Pero el tren siguió formando parte de su vida. La idea de ser maquinista iba
ahora tomando forma. Aunque en realidad fueron otras circunstancias, a modo de
cronistas ocasionales, las que le marcaron el camino de su vida. Eso fue lo que
pasó una y otra vez, que se giró para posar terminó en una foto definitiva.
De
esa manera fue un poco todos sus héroes: cuidador de animales, electricista,
pintor de edificios, decorador de paredes, malabarista, entrenador de fútbol,
bibliotecario, acomodador de cine y
hasta maestro. Todo por un flash, como la foto con la rata.
El
niño augura que cuando llegue a casa no podrá llevar la rata consigo, así que
se la lleva bajo el árbol y la esconde entre dos piedras. Para su sorpresa, el
fotógrafo, conciente de su propia genialidad, apareció por la casa con la foto
unas semanas más tarde. La madre gustosa la compró. Cuando él nació, casi no lo
cuentan. Por suerte ahora podían hablar de ello. Pero era chiquito y peludo. La
comadrona decidió llamar al cura, había que bautizarle con urgencia, no fuera
que muriera pagano. En realidad a ella
su niño le parecía hermoso de cualquier manera. Compró aquella foto que después
de que dejara de ser novedad, guardó junto con otras en una caja de lata en un
cajón de la cómoda. Allí estuvo durante muchos años. Un buen día la prestó para
una exposición que recogía la historia del pueblo. De esa forma llegó a la
galería, formando parte de un catálogo de instantáneas de otros muchos
personajes.
Cuando
ya de mayor cogió el tren que definitivamente le llevaría a buscar su destino
en la vida, cayó en la cuenta de que éste no terminaba por aparecer. En
realidad eran muchas estaciones, una tras otra, las que se iban sucediendo. Mirar
por la ventanilla era fascinante y jamás le produciría vértigo. Pero no existía
un destino. Su destino desde entonces sería el mundo entero.

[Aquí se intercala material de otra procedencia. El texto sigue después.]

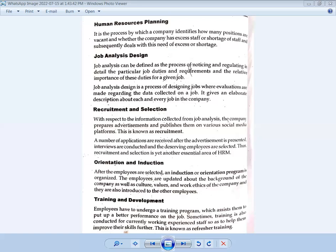The next function is job analysis and design. Job analysis can be defined as the process of noting and determining the detailed particular job duties and requirements, and the relative importance of these duties for a given job. Job analysis consists of identifying particular job duties and requirements assigned to a given job.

Hola Encarna, estoy en Medellín (Colombia) y buscando imágenes de Molacillos en google, nos encontramos con tu relato que también es nuestro. Nos ha emocionado leerlo y quiero agradecerte el que le hayas puesto palabras tan bonitas a una pequeña historia de un niño con botas que soñaba con ser maquinista. Un beso, Manuel L Hernández Enríquez.